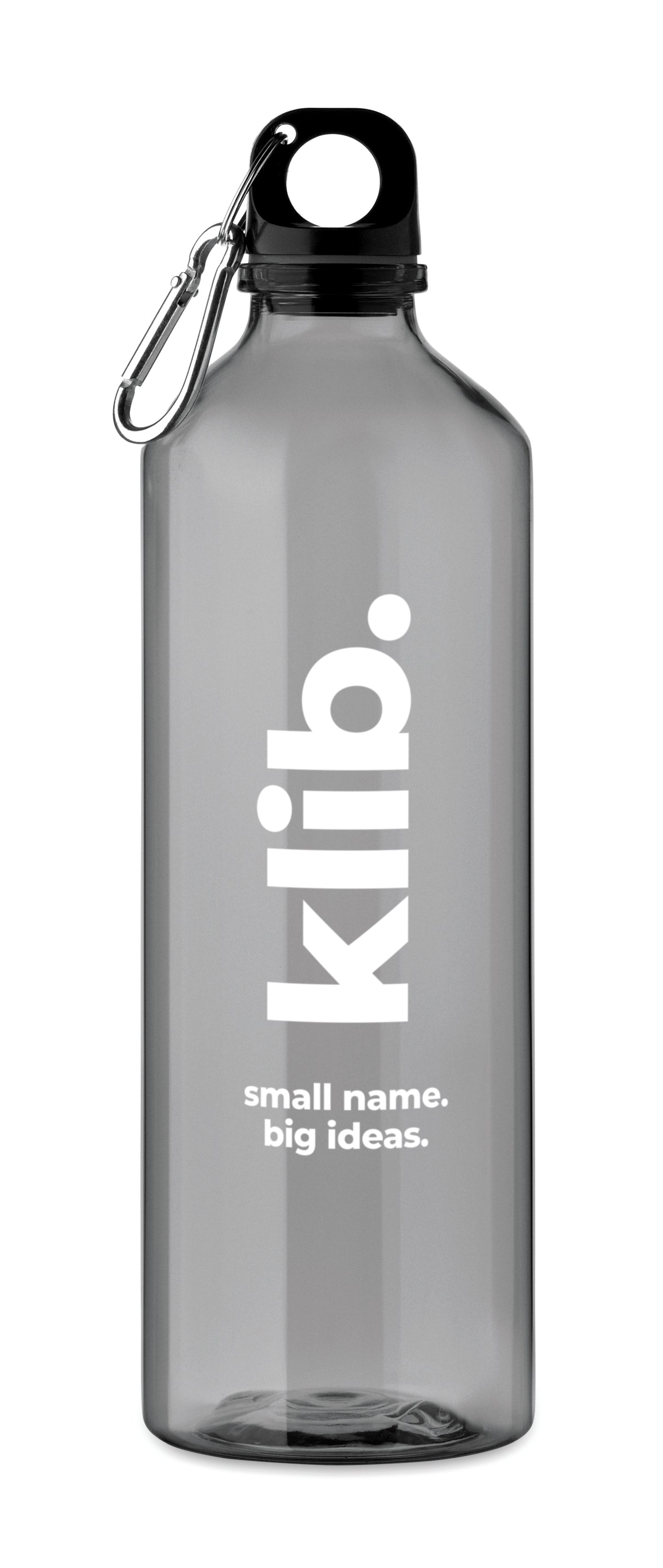 Trinkflasche aus RPET mit Karabiner. Füllmenge: 750 ml. Der Karabiner ist NICHT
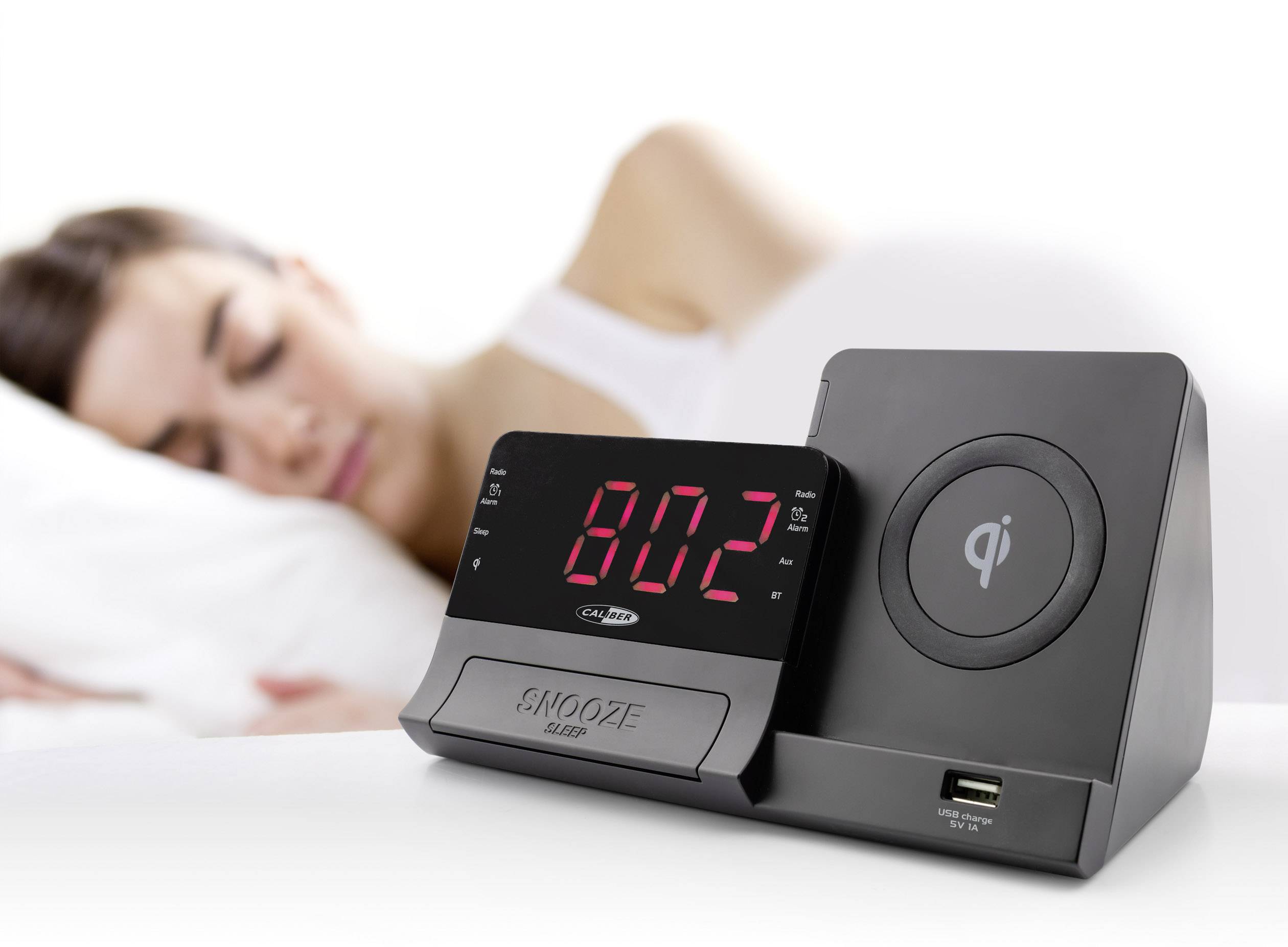 Caliber HCG012QI-BT Radio alarm clock FM AUX, Bluetooth Battery charger Black-1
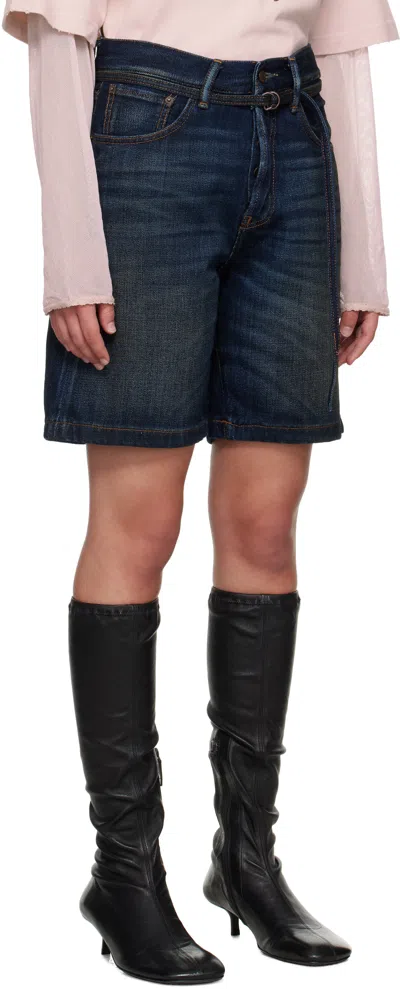 Acne Studios Navy Loose Fit Denim Shorts In Black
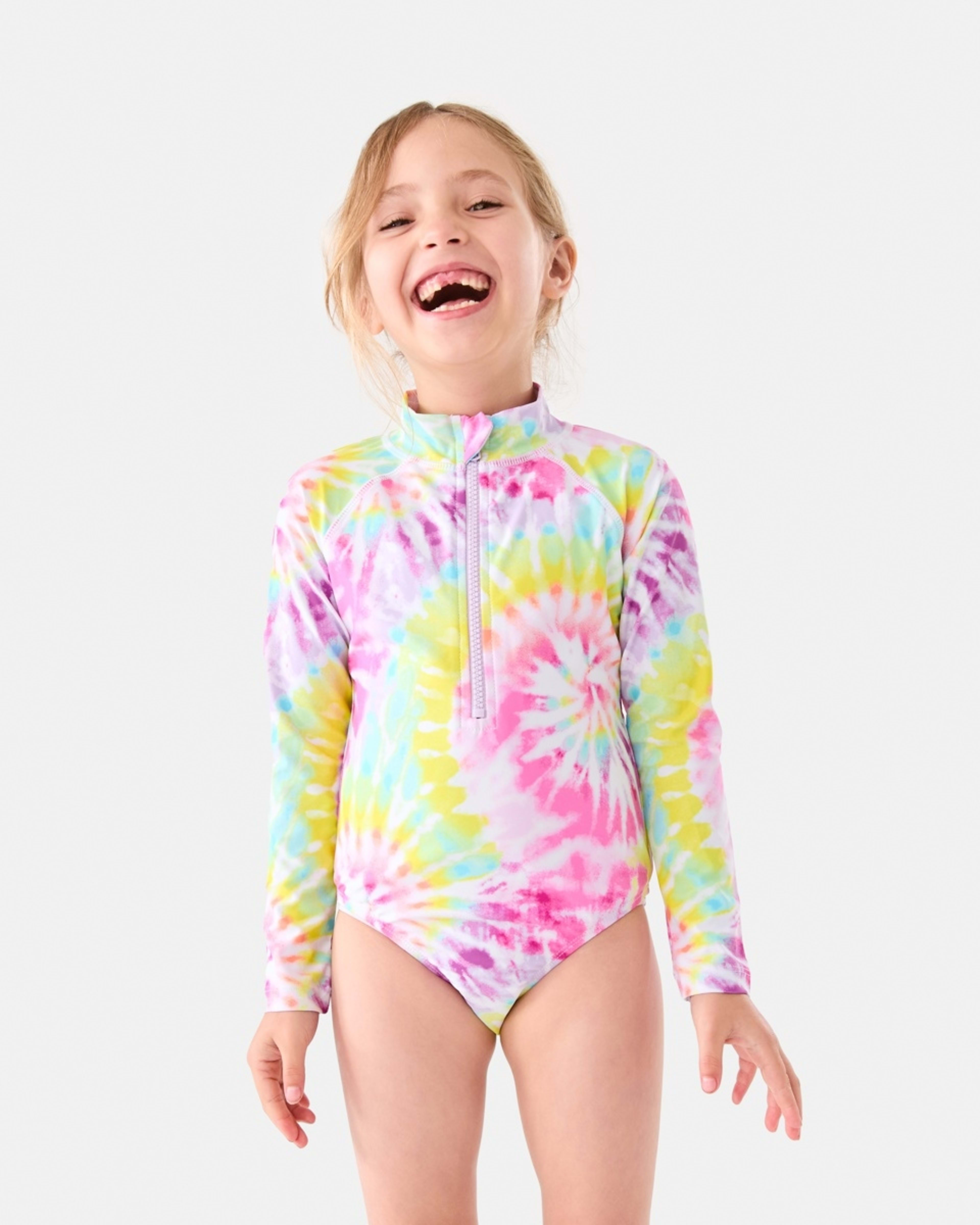 1 Long Sleeve One Piece Swimsuit Mt Tie Dye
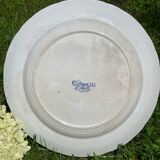Old round dish in earthenware, Keller and Guérin in Lunéville service Saxony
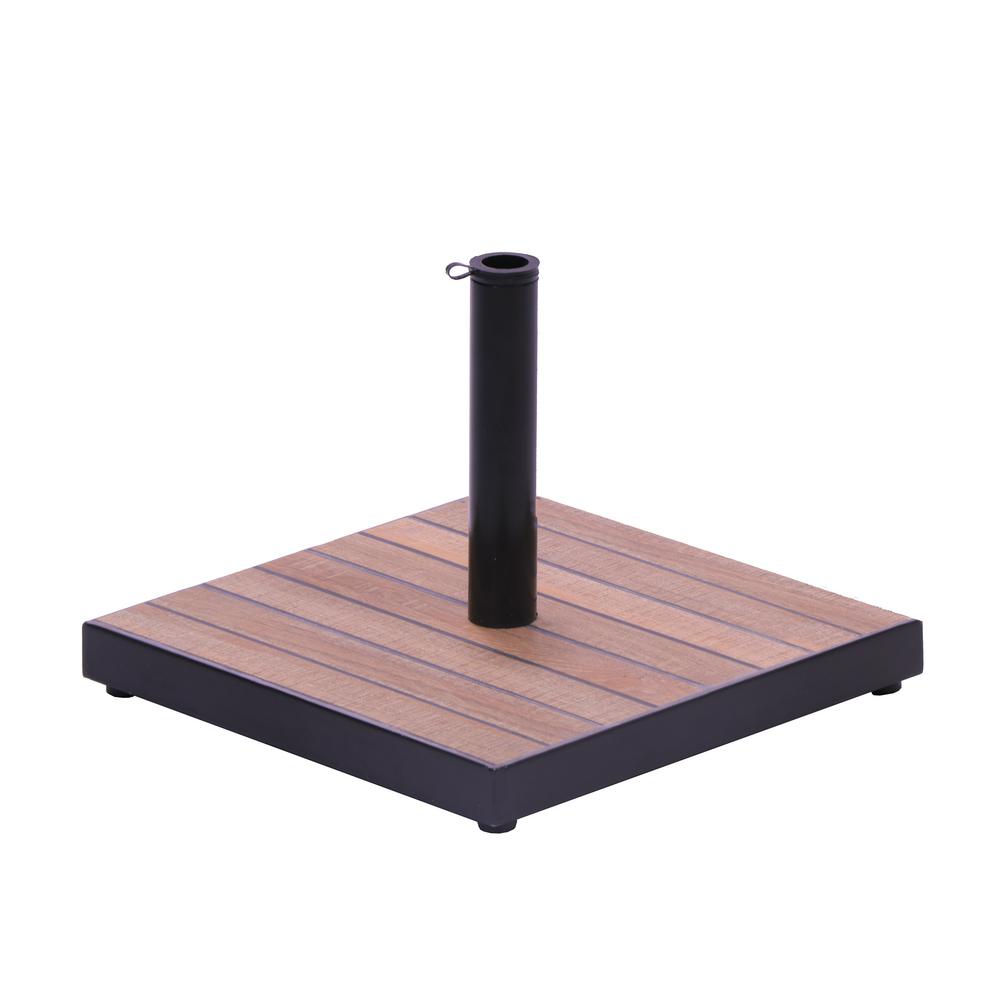 Plantation Patterns Tile Square Patio Umbrella Base In Aged Teak 9502 01010111 The Home Depot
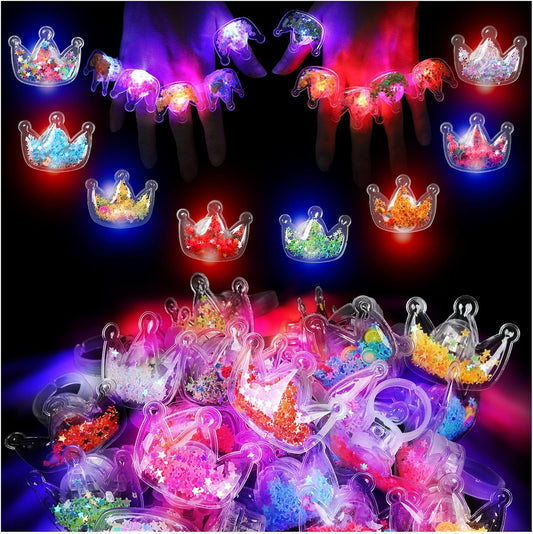 TUWUNA Princess Party Favors 24 Pcs Glitter Crown LED Light Up Rings Glowing Finger Rings Toys for Princess Birthday Party Supplies Classroom Prizes Pinata Goodie Bag Stuffers Gifts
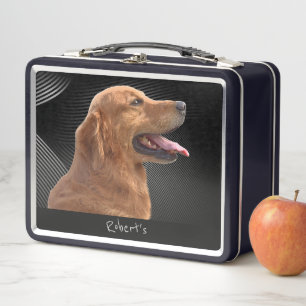 Golden Retriever Monogramed Metalizado Lunch Box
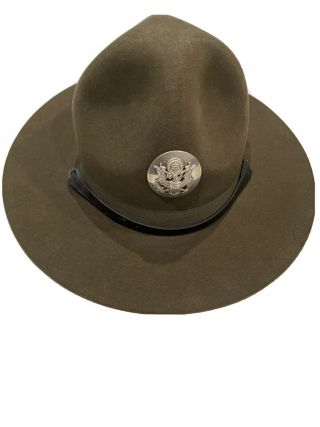 Ww2 Us Army Drill Sergeant Campaign/instructor Hat,  Pin/badge,  Size 6 3/4 Hatter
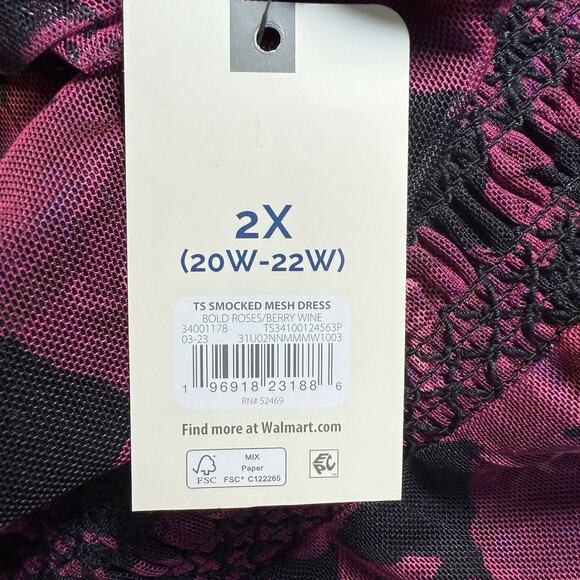 Terra & Sky Midi Dress NEW Sz 2X Smocked Mesh Bold Roses Berry Wine Lined Bohe - Picture 6 of 9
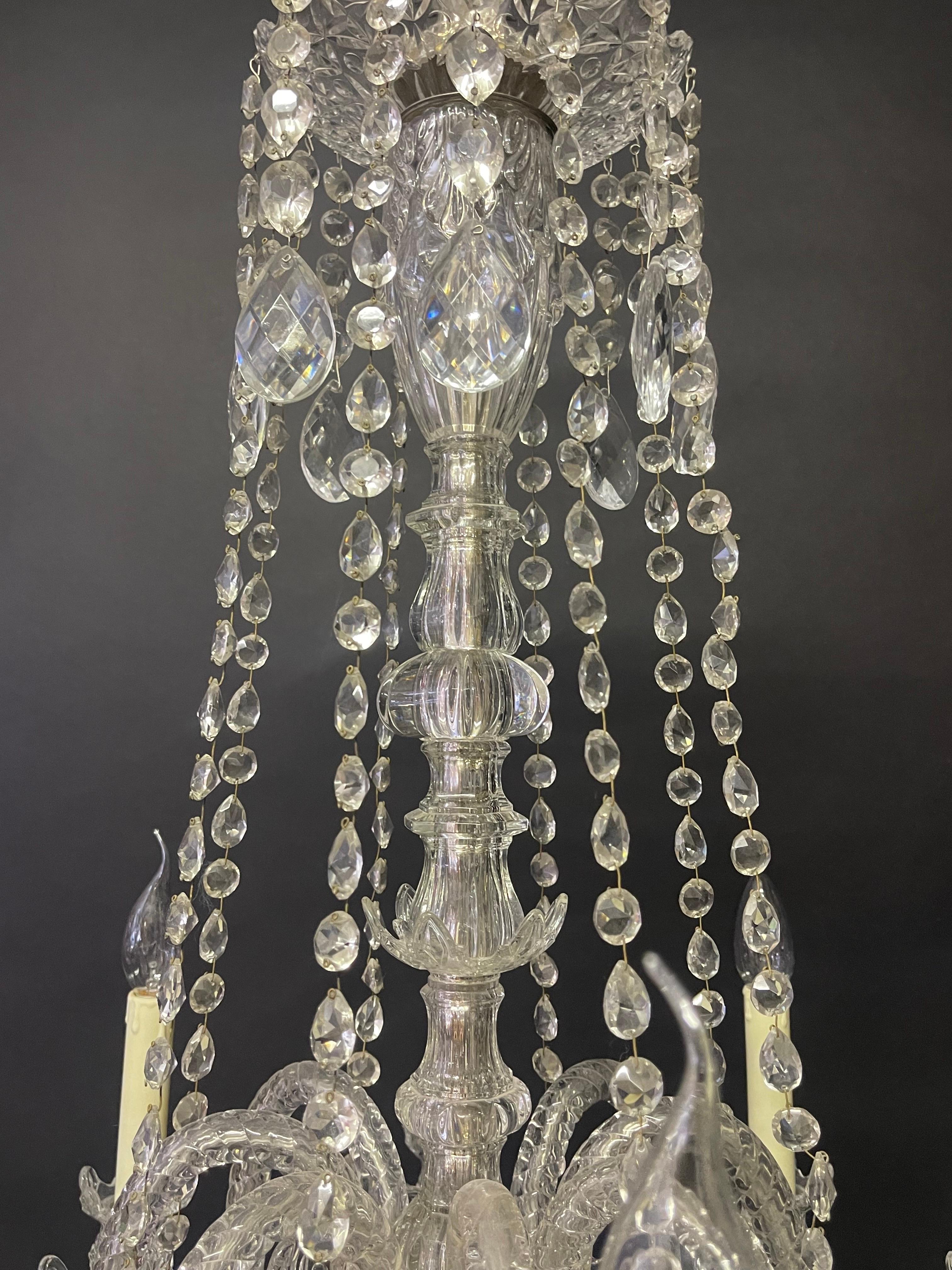 Large Austrian Cut Crystal and Glass Chandelier Attr. to Lobmeyr, ca.1920s For Sale 7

Work to complete: The copy you give must run from the line containing "Old round dish" through the last line of the records, exactly, with the pictures left out.

Expected answer:
Old round dish in earthenware, Keller and Guérin in Lunéville service Saxony
 Plantation Patterns Tile Square Patio Umbrella Base In Aged Teak 9502 01010111 The Home Depot
 TUWUNA Princess Party Favors 24 Pcs Glitter Crown LED Light Up Rings Glowing Finger Rings Toys for Princess Birthday Party Supplies Classroom Prizes Pinata Goodie Bag Stuffers Gifts
 Golden Retriever Monogramed Metalizado Lunch Box
 Ww2 Us Army Drill Sergeant Campaign/instructor Hat,  Pin/badge,  Size 6 3/4 Hatter
 Terra & Sky Midi Dress NEW Sz 2X Smocked Mesh Bold Roses Berry Wine Lined Bohe - Picture 6 of 9
 Large Austrian Cut Crystal and Glass Chandelier Attr. to Lobmeyr, ca.1920s For Sale 7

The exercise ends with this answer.